Mandibles review – bizarre giant-fly comedy runs out of sugar

In the wild old days of the film festival circuit, directors, writers and hangers-on liked to end each day with drunken discussions about the movies they’d seen. They’d say what they’d liked and what they hadn’t, and the things they’d have done better if it was their story to tell. Occasionally, around the time the third bottle was brought out, they’d brainstorm daft ideas: the sort of idiotic, joke conceit that sounds great at 1am and less good the next morning when the hangover has kicked in. That culture is conspicuously absent from this year’s masked, distanced Venice. But incredibly, it appears that one of those wild notions has now fled the bar, taken shape and grown legs.

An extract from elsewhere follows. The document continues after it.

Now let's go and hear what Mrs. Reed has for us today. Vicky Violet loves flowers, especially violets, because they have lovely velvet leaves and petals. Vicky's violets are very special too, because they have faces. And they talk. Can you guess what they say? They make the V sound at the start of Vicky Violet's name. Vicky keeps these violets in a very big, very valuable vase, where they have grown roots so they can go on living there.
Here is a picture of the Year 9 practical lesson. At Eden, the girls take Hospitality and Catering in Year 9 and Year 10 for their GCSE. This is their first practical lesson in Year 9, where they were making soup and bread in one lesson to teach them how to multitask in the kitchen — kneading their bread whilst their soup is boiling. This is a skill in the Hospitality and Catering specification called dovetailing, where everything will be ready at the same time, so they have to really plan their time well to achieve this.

And wings.

Clocking in at a little over an hour, Mandibles is a rollicking, rambunctious tequila-dream of a movie, written and directed by Quentin Dupieux, whose superior Deerskin premiered at Cannes last year. It’s about Manu and Jean-Gab (Gregoire Ludig and David Marsais), two dopey deadbeats who steal a rustbucket Mercedes to run a mysterious - and surely illegal - errand up the coastline. On the way, they’re disturbed by a noise in the boot of the car. “Maybe it’s a hair-dryer,” Jean-Gab says hopefully.

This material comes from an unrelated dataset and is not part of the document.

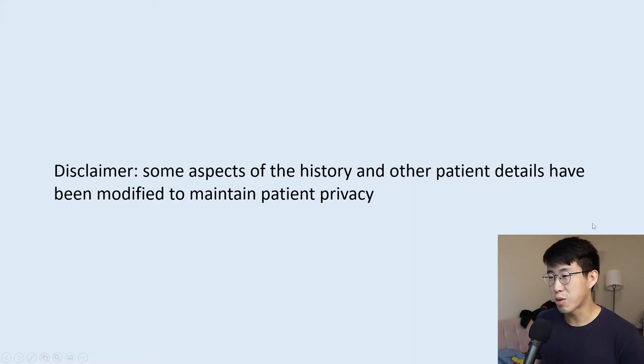Today I want to go over an interesting case I saw a few months ago. The purpose of this video is to demonstrate how medicine can be very interesting and unexpected — you never know what you're going to get. Disclaimer: some aspects of the history and other patient details have been modified to maintain patient privacy.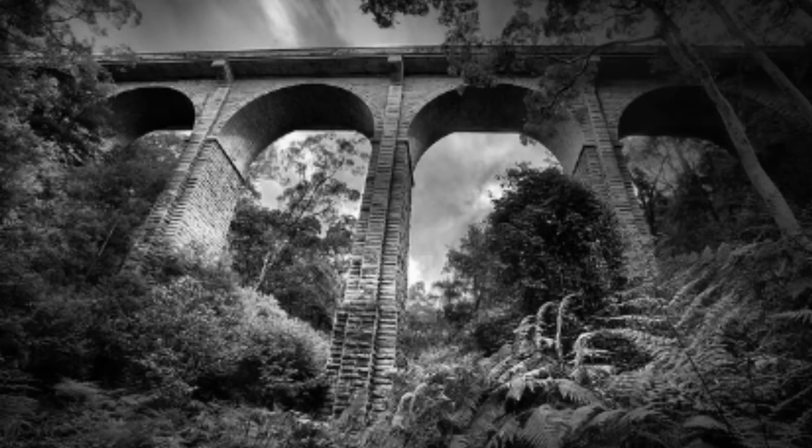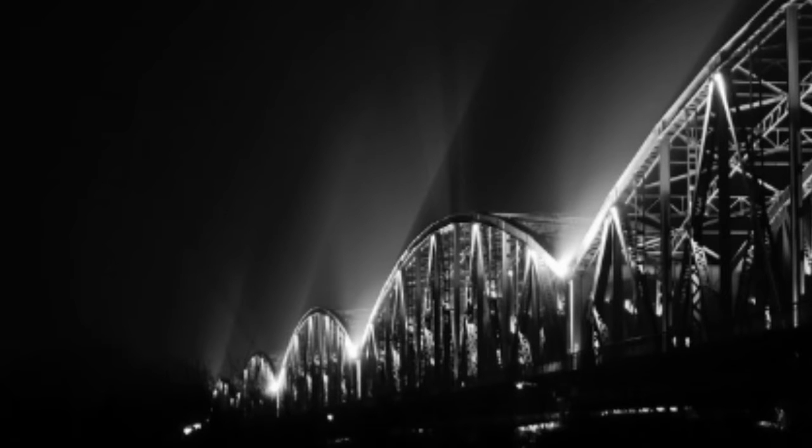Bridges can really be a thing of beauty or a thing of technological marvel. This collection of stunning, amazing, beautiful, and interesting bridges will sure to please the architecture enthusiasts and all of you.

The thing in the boot is not a hair-dryer. It is, in fact, a giant fly with orange eyes the size of basketballs. This gives Jean-Gab an idea. It’s the sort of idea we’d most likely all have upon first throwing open the boot of the car. He wants to train the fly like a monkey and send it off to rob banks.

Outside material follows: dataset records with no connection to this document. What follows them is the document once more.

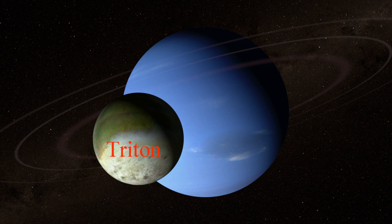Triton is the coldest place known in the solar system with a recorded surface temperature of negative 391 degrees Fahrenheit. That is the coldest place in the solar system.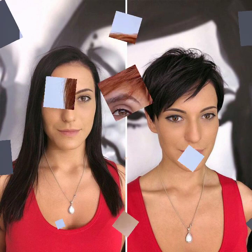Some bang ideas — chin length bang and nose length bang.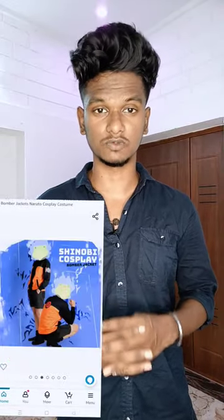There is the same orange jacket that is available on Amazon. This jacket is 1500 rupees.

At this stage of the event, the Venice audience is in need of a little light relief and it rose to embrace Mandibles as you might a long-lost college buddy (the one who always brought the best grass and a backstage pass for the gig). Manu and Jean-Gab are a pair of anti-heroes so stupid they can’t cook a simple meal without burning down the caravan, so one wonders how they’re ever going to train a giant fly to make them millionaires. Still, it’s fun to watch them careering around the scrubbier bits of southern France, hatching ludicrous plans and performing whip-lashing double-takes. They reminded me of Patrick Dewaere and Gerard Depardieu in Bertrand Blier’s Les Valseuses.

The inherent peril of the drunken 1am idea for a movie, though, is that the wacky concept is pretty much the whole deal. Once you’ve opened the boot and marvelled at the contents, it’s hard to work out where a film goes from there, except round in circles, trying to find fresh gags in the material or more sugar to sustain it.

In a big house in the hills, Manu and Jean-Gab meet Agnes. She’s played by Adèle Exarchopoulos, who was so good in Blue Is the Warmest Colour but has a rougher ride here. Agnes, we are told, has injured her brain in a skiing accident and Exarchopoulos plays her at top volume, screaming every line, taking offence at every turn; playing disability for belly-laughs as though she’s auditioning for Benny Hill. Barrelling into the master bedroom one morning, Agnes sees the bug and stops dead from the shock. But the girl has a screw loose, so who’s going to believe Agnes?

It’s funny - the rogue elements that strain credibility and risk breaking a movie. Turns out I’m totally on board with a giant fly in the boot. It’s dumb, bellowing Agnes who finally blows out the film’s levels.

• Mandibles is released on 17 September in cinemas and on 20 September on digital platforms.